Margaret Maron |
Margaret Brown Maron, the award-winning mystery writer who published 30 books and was one of the founders of Sisters in Crime, died on February 23 due to complications from a stroke. She was 82.
Maron began her writing career in 1968 when she published "The Death of Me," her first short story, in Alfred Hitchhock's Mystery Magazine. At the time she was living in Brooklyn, N.Y., with her husband and only son, and had given herself a writing course from books in the Brooklyn Public Library. In 1972 Maron and her family moved to North Carolina, and Maron would go on to write all her books there.

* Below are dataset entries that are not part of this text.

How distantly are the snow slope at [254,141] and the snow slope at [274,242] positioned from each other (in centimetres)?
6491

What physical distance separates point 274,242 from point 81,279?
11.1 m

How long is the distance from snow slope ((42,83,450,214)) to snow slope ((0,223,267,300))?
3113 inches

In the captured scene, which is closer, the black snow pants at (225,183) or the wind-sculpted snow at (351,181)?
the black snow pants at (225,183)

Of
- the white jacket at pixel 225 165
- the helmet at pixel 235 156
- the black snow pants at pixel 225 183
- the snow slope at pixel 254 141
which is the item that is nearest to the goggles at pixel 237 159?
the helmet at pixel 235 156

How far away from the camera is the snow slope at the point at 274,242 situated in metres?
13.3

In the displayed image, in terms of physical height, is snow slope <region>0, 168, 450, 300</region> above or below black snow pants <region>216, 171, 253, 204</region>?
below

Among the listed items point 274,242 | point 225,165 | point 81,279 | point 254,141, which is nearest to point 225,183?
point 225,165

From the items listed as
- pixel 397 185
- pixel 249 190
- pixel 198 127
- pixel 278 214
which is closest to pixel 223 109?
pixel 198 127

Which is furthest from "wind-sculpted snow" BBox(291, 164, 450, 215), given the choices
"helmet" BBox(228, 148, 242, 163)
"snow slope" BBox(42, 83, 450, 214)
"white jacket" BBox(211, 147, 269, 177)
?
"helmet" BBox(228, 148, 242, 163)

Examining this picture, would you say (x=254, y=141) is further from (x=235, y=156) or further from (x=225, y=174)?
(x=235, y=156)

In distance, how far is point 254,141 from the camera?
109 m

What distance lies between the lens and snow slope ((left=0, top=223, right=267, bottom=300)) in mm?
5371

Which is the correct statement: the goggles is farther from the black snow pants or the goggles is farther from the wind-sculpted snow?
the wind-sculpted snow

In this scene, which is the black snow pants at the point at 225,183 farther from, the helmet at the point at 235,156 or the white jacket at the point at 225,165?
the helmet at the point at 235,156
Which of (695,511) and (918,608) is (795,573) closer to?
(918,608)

Born in Greensboro, N.C., Maron featured the state heavily in her writing. Her Judge Deborah Knott series, which began in 1992 with the publication of Bootlegger's Daughter, consisted of 20 books and starred an attorney who is the daughter of a North Carolina bootlegger.

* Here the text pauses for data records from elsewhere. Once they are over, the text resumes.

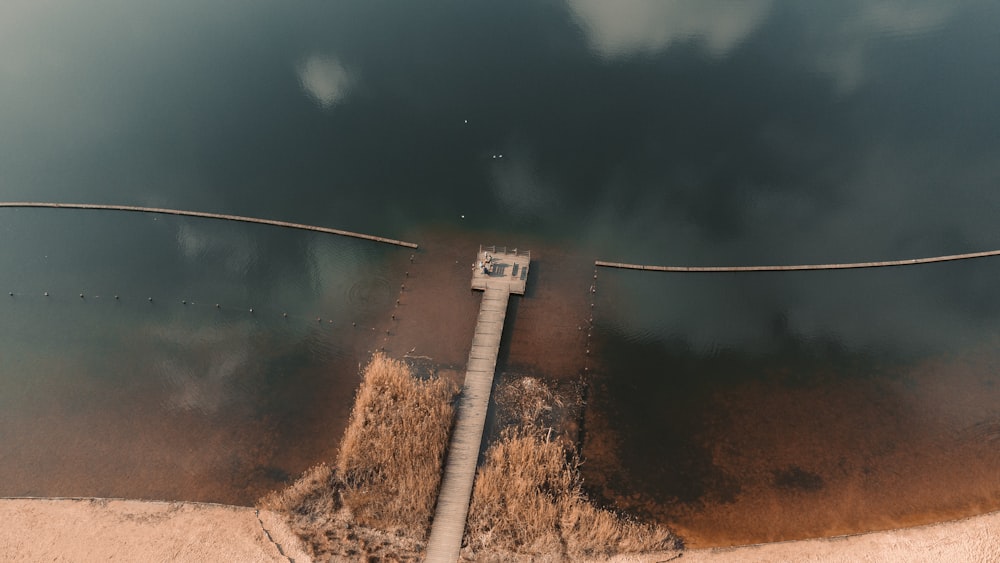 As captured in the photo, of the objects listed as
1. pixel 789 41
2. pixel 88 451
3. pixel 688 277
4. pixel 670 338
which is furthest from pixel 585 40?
pixel 88 451

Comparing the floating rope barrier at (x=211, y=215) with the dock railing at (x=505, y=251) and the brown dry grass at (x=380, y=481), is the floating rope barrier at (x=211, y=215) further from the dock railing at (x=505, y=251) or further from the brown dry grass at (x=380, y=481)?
the brown dry grass at (x=380, y=481)

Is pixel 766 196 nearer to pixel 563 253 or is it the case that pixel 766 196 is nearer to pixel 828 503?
pixel 563 253

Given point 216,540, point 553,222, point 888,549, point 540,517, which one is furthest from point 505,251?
point 888,549

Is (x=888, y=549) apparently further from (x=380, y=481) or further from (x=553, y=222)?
(x=553, y=222)

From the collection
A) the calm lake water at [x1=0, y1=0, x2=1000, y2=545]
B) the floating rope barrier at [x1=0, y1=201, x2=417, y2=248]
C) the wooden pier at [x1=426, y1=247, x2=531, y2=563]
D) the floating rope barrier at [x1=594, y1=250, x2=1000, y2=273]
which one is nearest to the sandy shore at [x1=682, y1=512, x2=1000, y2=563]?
the calm lake water at [x1=0, y1=0, x2=1000, y2=545]

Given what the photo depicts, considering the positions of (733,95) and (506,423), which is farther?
(733,95)

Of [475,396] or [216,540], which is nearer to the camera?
[216,540]

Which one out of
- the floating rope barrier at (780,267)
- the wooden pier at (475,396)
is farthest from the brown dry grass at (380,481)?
the floating rope barrier at (780,267)

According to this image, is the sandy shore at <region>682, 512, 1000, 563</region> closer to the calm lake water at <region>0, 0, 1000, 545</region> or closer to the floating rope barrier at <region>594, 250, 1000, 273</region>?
the calm lake water at <region>0, 0, 1000, 545</region>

Over the course of her career, Maron served as the third president of Sisters in Crime as well as president of Mystery Writers of America. She was named a Grand Master by the MWA in 2013, and the her books have received Edgar, Agatha, Anthony and Macavity Awards. In 2008 she received the North Carolina Award, which is the state's highest civilian honor. In 2010 she received an honorary doctorate from UNC Greensboro and in 2016 was inducted into the state's Literary Hall of Fame.
"My epitaph should read, 'She knew what she had,' " Maron once said. "I have been supremely lucky with my husband, my family, my friends and my work. Nobody gets it all, but I came pretty damn close."